'A necessidade de um aprofundamento no estudo da filosofia marxista' (nahr al-urdun)
Se podem existir diferentes concepções de mundo, não apenas diferentes entre a filosofia marxista e outros sistemas filosóficos, mas se existem até mesmo diferentes marxismos, como podemos saber então, qual destes sistemas filosóficos é o correto?
Por nahr al-urdun para a Tribuna de Debates Preparatória do XVII Congresso Extraordinário.
Não tenho a intenção de me prolongar muito, venho hoje apenas com a simples intenção de colocar em destaque a necessidade de um aprofundamento no estudo da filosofia entre nós camaradas marxistas. Pretendo fazer isso da forma mais breve possível, porém, espero que seja o suficiente para jogar luz a importância deste tópico.

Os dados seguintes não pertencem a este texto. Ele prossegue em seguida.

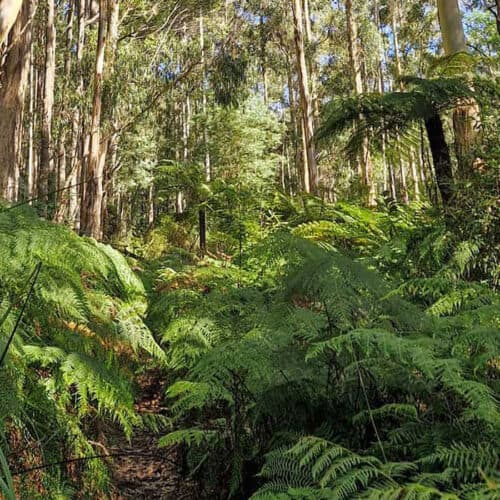 Sherbrooke Forest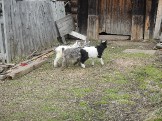 DSCN2181.JPG
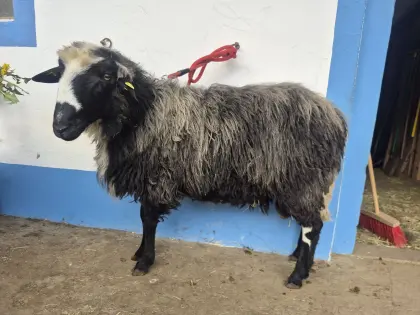 Krainer Steinschaf Widder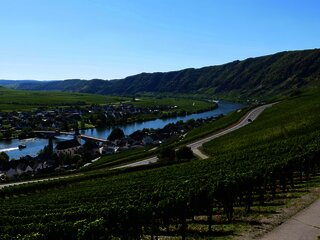Weinort Piesport an der Mosel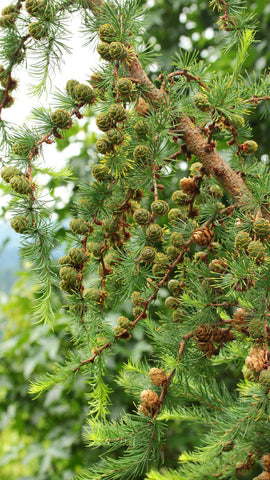 Larix kaempferi 'Paper Lanterns' (Paper Lanterns Japanese Larch)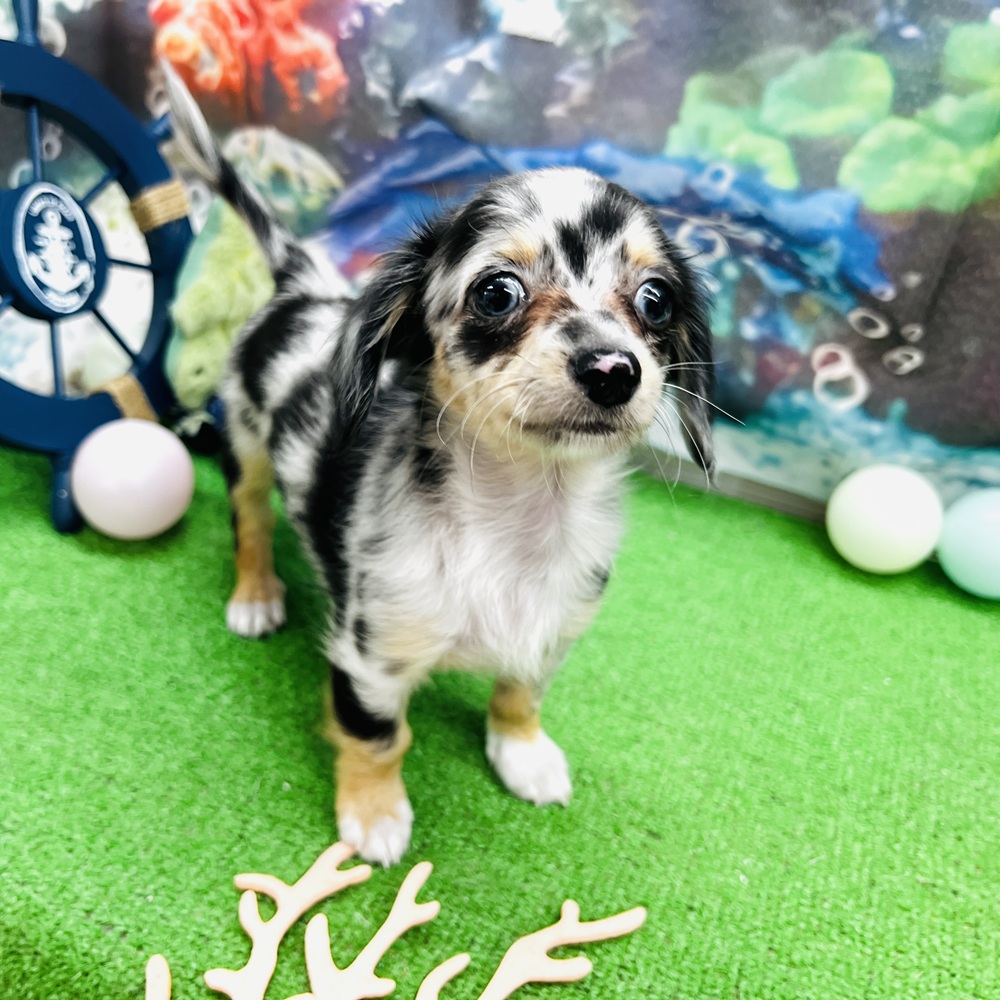 愛知県のチワックス(チワワ×ダックス) (犬の家＆猫の里名古屋天白店/2026年5月25日生まれ/女の子/シルバーダップル)の子犬の1枚目の画像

Acho que devo começar então com uma breve discussão sobre o que é filosofia. Essa é uma questão bem colocada na Introdução do Princípios Fundamentais da filosofia, de Georges Politzer e disponibilizado gratuitamente pelo jornal A Verdade. Eu recomendo a leitura completa para os interessados.
Mas de forma breve filosofia é a “concepção geral do mundo da qual se pode deduzir certa forma de conduta”. Chamo aqui a atenção para característica da filosofia de ser algo no qual podemos deduzir certa forma de conduta, isto é, como Politzer coloca, a filosofia é algo no qual pode-se deduzir certas regras que determinam uma certa atitude diante da vida. Segundo o mesmo, na Grécia antiga, “sábio era o homem que agia em todas as circunstâncias de conformidade com tais regras”. Essa é uma definição que também nos remete a discussão que Descartes faz na sua carta ao tradutor francês para ser utilizada como prefácio do Princípios de Filosofia. Neste texto, Descartes nos diz:
“Assim, a filosofia é como uma árvore, cujas raízes são a Metafísica, o tronco a Física, e os ramos que saem do tronco são todas as outras ciências que se reduzem a três principais: a Medicina, a Mecânica e a Moral, entendendo apor Moral a mais elevada e mais perfeita, porque pressupõe um conhecimento integral das outras ciências, e é o último grau da sabedoria.”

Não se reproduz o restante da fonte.